==== Working data ====
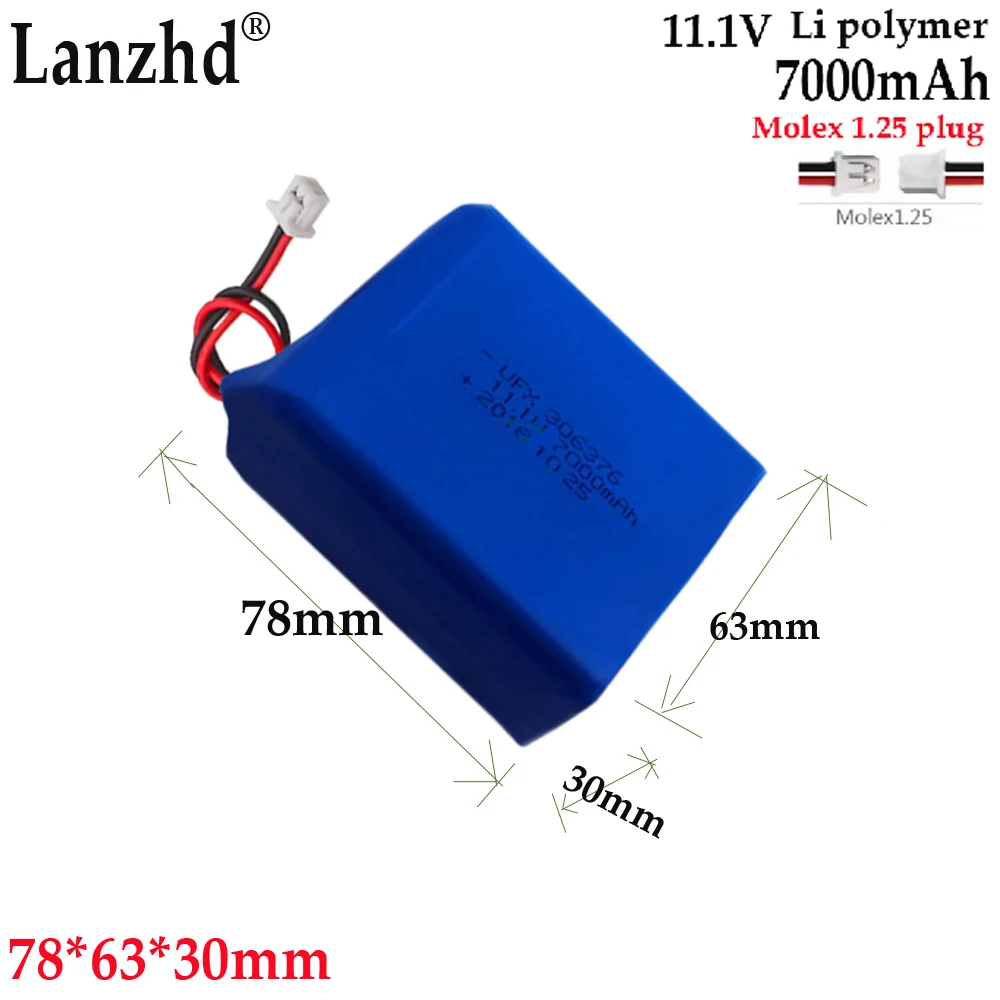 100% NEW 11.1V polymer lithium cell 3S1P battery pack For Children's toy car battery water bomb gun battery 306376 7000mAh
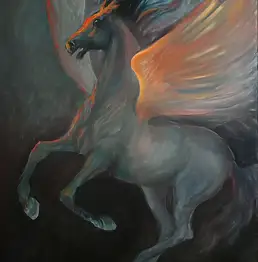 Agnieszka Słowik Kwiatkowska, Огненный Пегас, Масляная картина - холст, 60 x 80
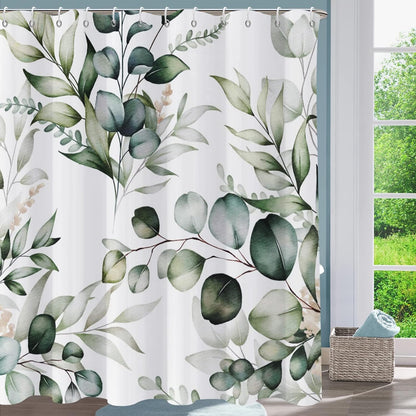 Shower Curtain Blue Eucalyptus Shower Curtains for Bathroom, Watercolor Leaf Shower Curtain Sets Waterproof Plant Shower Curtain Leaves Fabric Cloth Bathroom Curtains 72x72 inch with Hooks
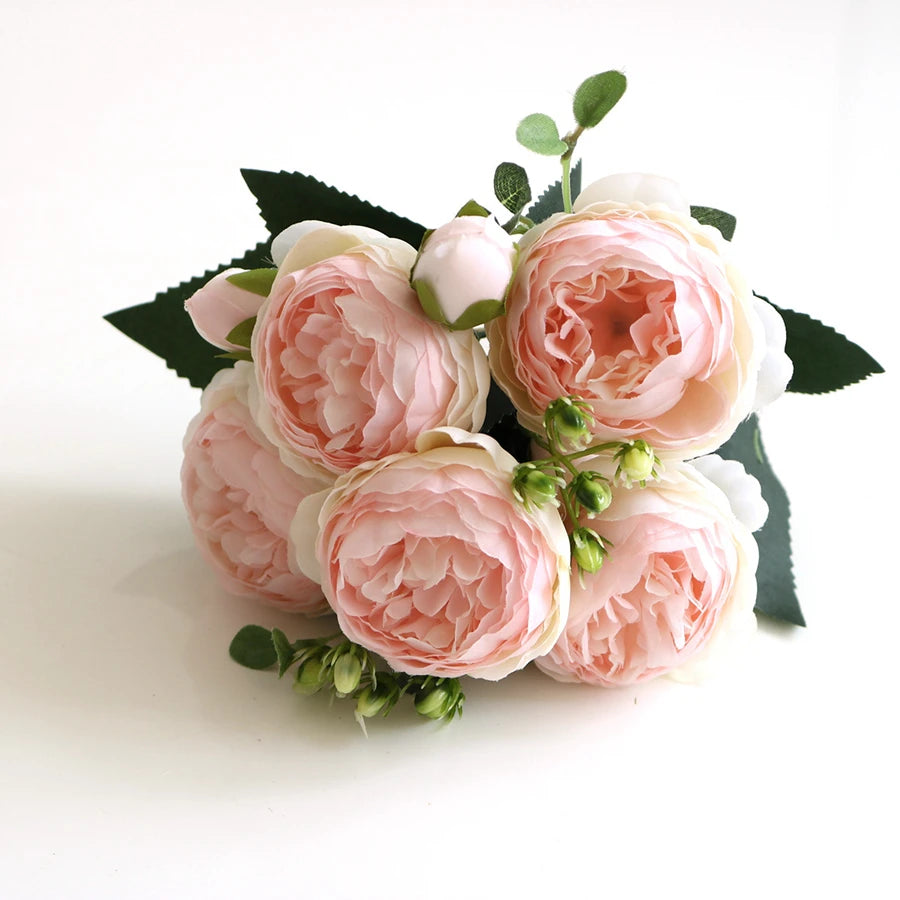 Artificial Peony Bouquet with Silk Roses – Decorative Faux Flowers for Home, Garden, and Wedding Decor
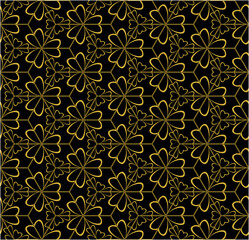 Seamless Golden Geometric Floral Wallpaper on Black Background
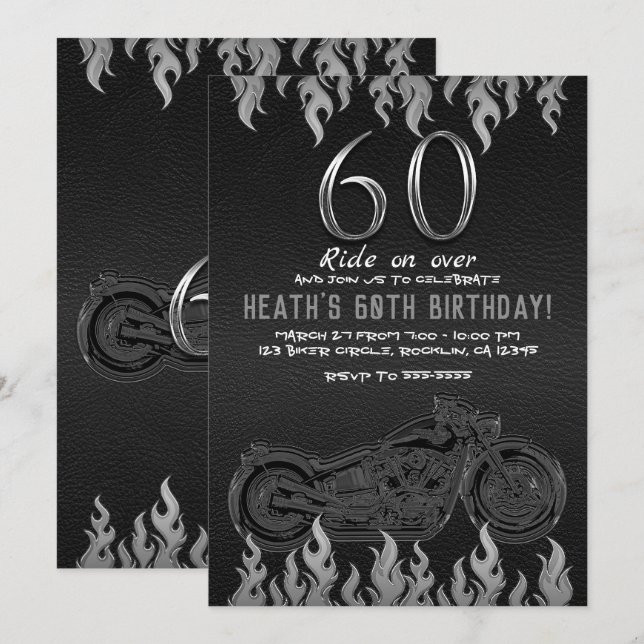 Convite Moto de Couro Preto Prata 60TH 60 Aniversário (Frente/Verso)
====
==== Working data ====
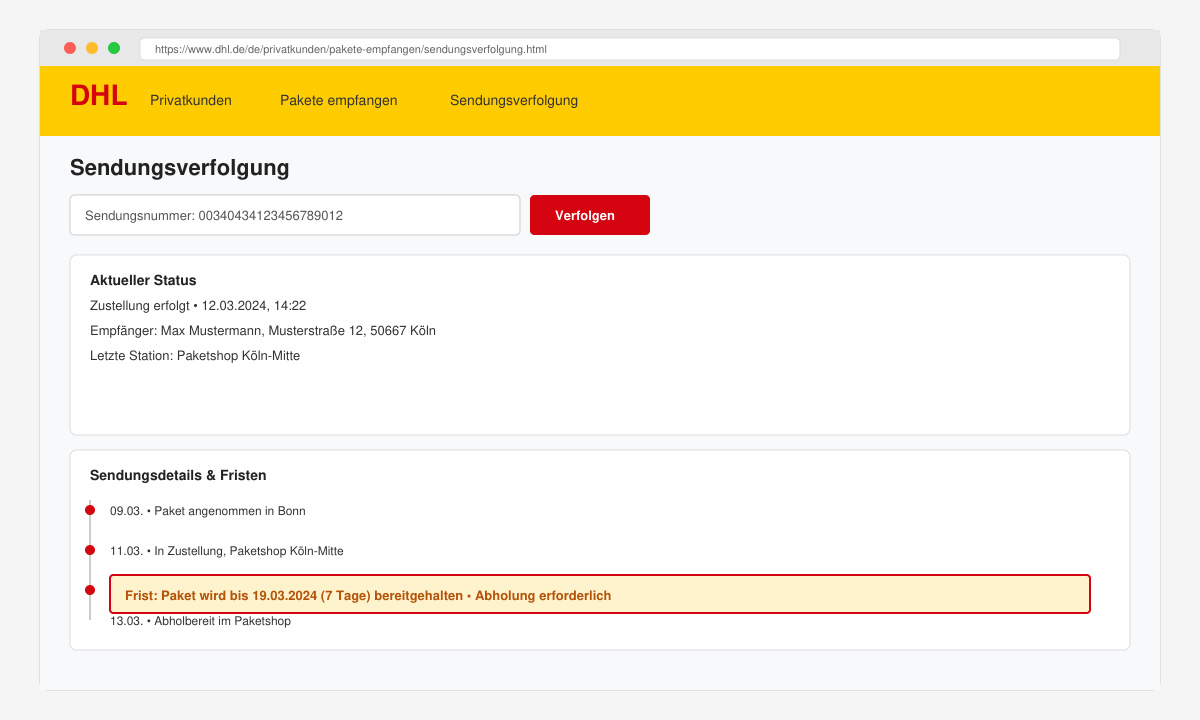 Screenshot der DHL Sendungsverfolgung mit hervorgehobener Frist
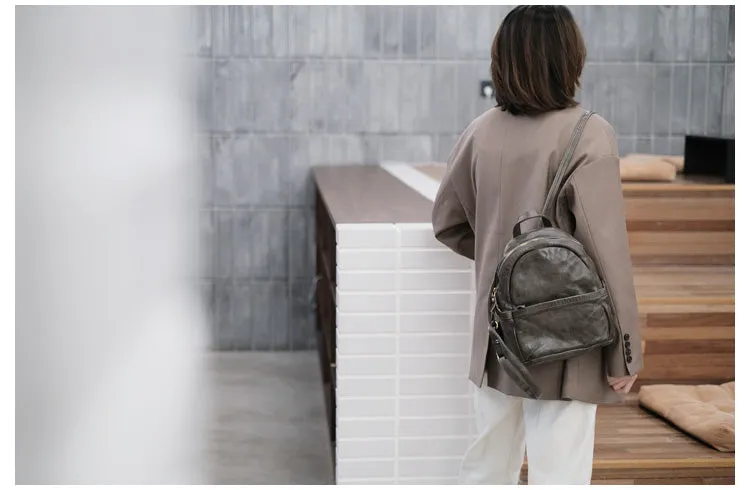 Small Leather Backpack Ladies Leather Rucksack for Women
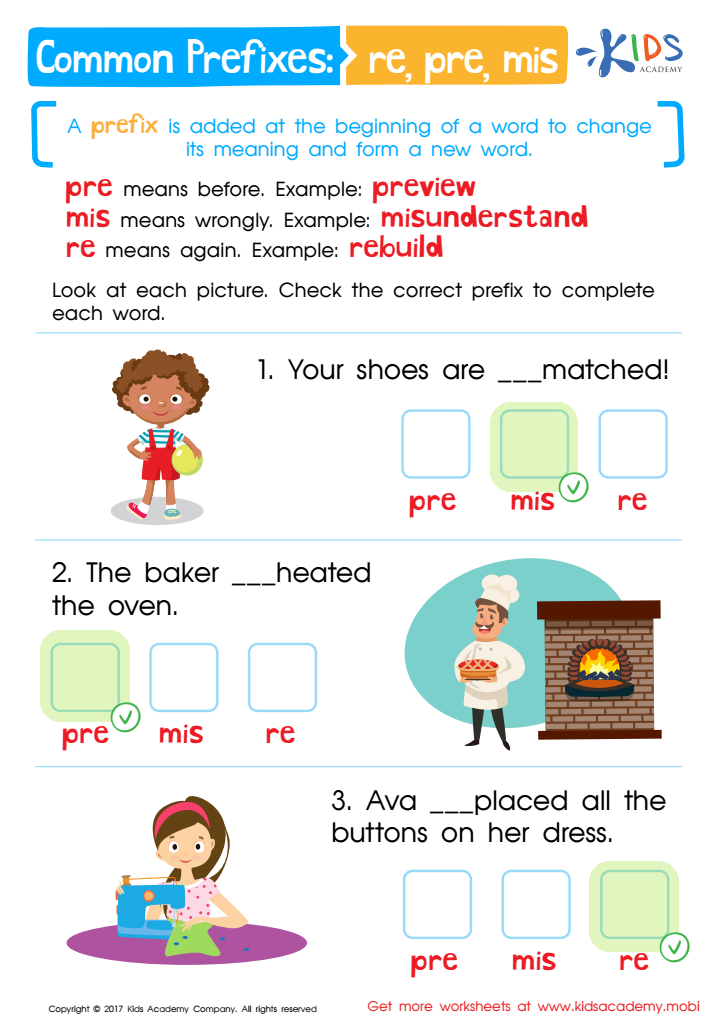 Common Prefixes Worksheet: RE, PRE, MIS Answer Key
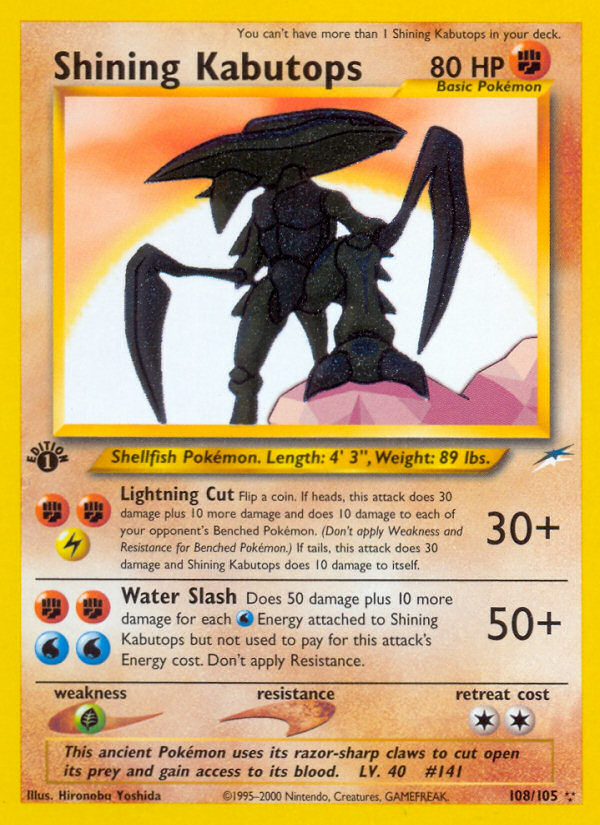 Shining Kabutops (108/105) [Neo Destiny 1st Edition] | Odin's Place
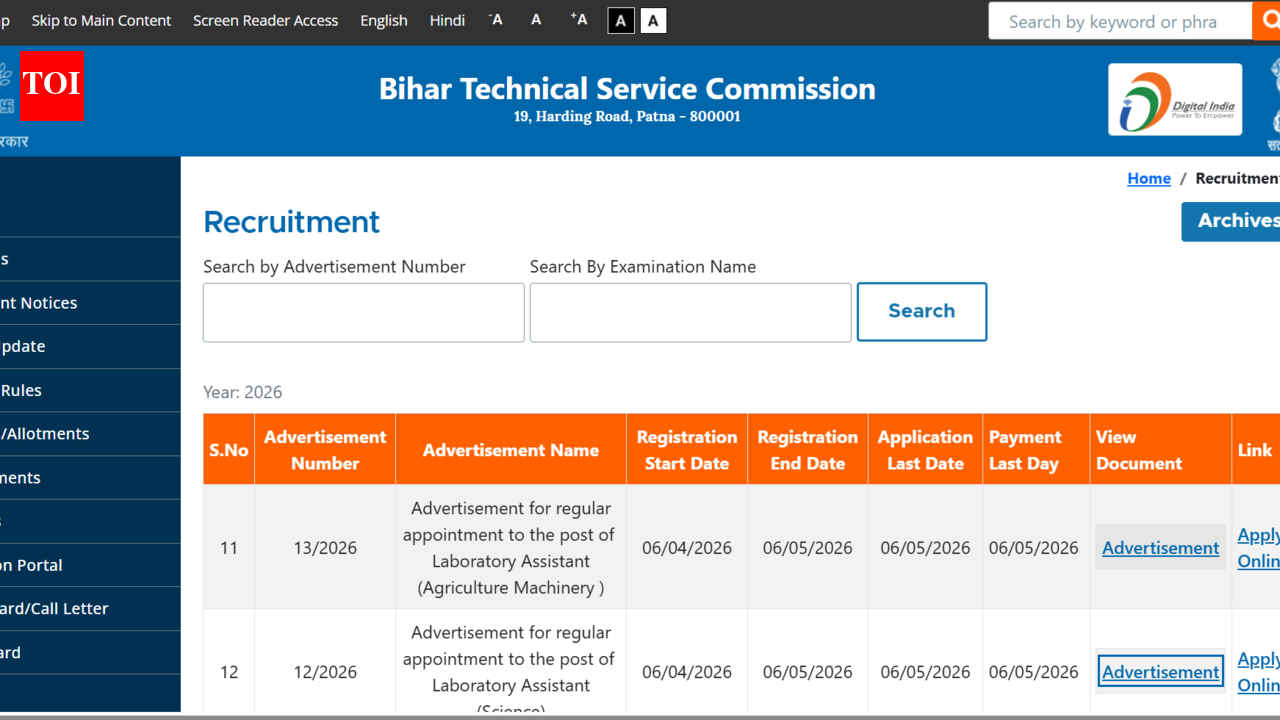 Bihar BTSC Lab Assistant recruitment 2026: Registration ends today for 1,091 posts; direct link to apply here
====
==== Working data ====
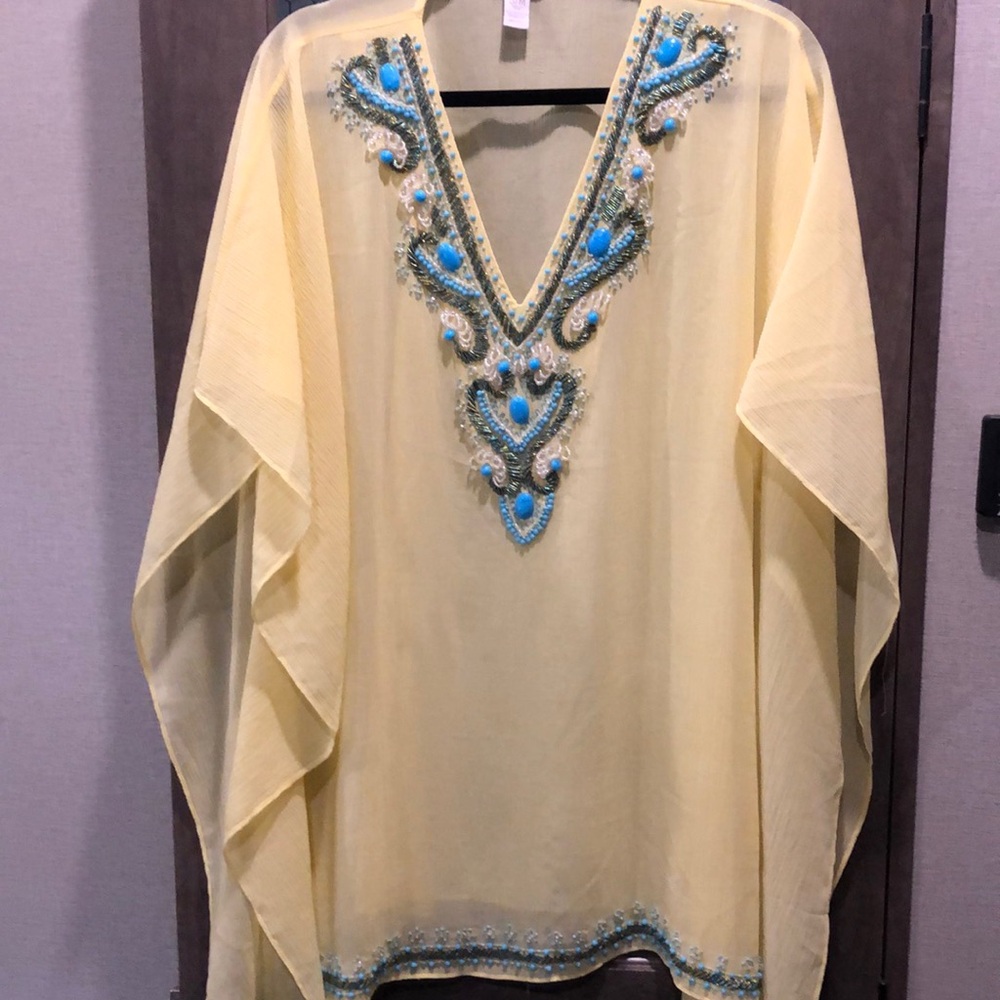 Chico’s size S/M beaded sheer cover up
====
- **Aim of the task**
Among the entries above, copy exactly the stretch from the line holding "Seamless Golden Geometric" through the line holding "Convite Moto de", leaving out any pictures.

- **Problem solution**
 Seamless Golden Geometric Floral Wallpaper on Black Background
 Convite Moto de Couro Preto Prata 60TH 60 Aniversário (Frente/Verso)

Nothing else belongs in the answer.